You are reading help file online using chmlib.com
|
This document is intended to help developers of speech recognition (SR) applications use the Microsoft Speech API's speech recognition and audio APIs to connect a wav file with an SR engine. The topics covered include:
There are many different types of audio input configurations used by SR applications, which include:
The shared desktop microphone scenario uses the default SR engine and the default audio input. The user selects each in Speech properties in Control Panel, and each is hosted in the shared speech server.

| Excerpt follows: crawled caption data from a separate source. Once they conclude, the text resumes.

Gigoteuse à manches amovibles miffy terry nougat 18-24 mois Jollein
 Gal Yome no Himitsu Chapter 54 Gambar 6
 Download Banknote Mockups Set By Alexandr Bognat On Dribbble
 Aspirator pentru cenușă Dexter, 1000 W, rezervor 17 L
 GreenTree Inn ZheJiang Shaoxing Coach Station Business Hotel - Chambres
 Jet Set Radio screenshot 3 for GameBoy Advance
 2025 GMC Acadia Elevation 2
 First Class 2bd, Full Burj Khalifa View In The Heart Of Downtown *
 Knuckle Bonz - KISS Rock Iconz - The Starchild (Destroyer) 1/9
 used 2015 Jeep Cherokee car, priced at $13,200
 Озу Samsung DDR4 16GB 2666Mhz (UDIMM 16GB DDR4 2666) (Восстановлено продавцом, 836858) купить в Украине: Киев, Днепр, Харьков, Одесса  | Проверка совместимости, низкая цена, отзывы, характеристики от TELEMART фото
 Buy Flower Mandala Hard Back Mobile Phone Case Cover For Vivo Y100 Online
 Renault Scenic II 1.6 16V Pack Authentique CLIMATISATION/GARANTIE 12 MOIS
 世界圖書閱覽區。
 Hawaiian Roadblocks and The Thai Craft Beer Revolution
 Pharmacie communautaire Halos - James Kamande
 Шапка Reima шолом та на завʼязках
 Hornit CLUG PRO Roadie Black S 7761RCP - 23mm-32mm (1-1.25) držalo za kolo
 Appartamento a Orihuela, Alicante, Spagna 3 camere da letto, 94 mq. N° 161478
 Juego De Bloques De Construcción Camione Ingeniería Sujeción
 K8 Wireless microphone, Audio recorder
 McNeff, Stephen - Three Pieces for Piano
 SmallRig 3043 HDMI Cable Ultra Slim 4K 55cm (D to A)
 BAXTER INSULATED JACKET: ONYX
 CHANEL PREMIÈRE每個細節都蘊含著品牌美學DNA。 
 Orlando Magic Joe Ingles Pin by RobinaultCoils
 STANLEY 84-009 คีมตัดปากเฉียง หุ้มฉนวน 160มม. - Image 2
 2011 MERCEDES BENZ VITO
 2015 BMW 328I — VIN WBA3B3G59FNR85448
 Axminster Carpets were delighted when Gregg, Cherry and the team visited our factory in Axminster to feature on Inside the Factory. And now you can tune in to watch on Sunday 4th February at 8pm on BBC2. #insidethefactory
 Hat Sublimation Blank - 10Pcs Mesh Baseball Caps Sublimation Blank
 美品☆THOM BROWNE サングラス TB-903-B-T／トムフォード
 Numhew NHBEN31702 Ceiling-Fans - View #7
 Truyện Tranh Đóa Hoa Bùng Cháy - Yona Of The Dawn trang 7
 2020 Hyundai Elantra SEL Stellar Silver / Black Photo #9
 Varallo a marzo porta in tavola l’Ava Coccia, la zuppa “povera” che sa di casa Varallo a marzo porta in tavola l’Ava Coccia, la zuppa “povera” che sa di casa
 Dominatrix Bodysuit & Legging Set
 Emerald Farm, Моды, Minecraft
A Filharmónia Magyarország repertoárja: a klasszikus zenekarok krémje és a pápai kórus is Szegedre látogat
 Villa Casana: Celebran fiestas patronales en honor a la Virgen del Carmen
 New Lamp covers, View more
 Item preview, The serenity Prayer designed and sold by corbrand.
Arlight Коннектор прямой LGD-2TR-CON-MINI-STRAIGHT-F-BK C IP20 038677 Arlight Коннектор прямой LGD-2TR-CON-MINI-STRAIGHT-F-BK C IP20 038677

The telephony scenario can use either the SAPI 5 standard multimedia audio input object or a custom audio object combined with an InProc SR engine.
The wav file input scenario is special because it uses controlled, reproducible audio input and requires a dedicated SR engine, without interference from other applications (e.g., a shared desktop microphone). The file input scenario should use a generic SAPI audio stream connected to the input wav file and an InProc SR engine.
Unlike microphone input which has no predetermined stream length, a finite-length audio input stream is a file which has a specific length that is known before recognition begins. Similarly, applications that use microphone input will toggle between actively listening and not listening states until the speech application is closed. However, transcription applications are typically designed to listen to one continuous audio stream, and then close when the stream ends. Consequently, the application must specifically acknowledge the end audio stream event (SPEI_SR_END_STREAM for C/C++, ISpeechRecoContext::EndStream event for Automation). Transcription applications can potentially record multiple recognitions on a single audio stream, if the speaker pauses or breaks between sections of audio. If the transcription application exits after the first recognition event is received, it will miss any further recognizable audio that remains.
Microphone input and networked audio streams are typically real-time audio objects. This means that the audio object is designed to support audio buffering and dynamic state manipulation (e.g. stop->play->pause->play->stop) to handle delays and latency in the audio source and/or the SR engine's processing.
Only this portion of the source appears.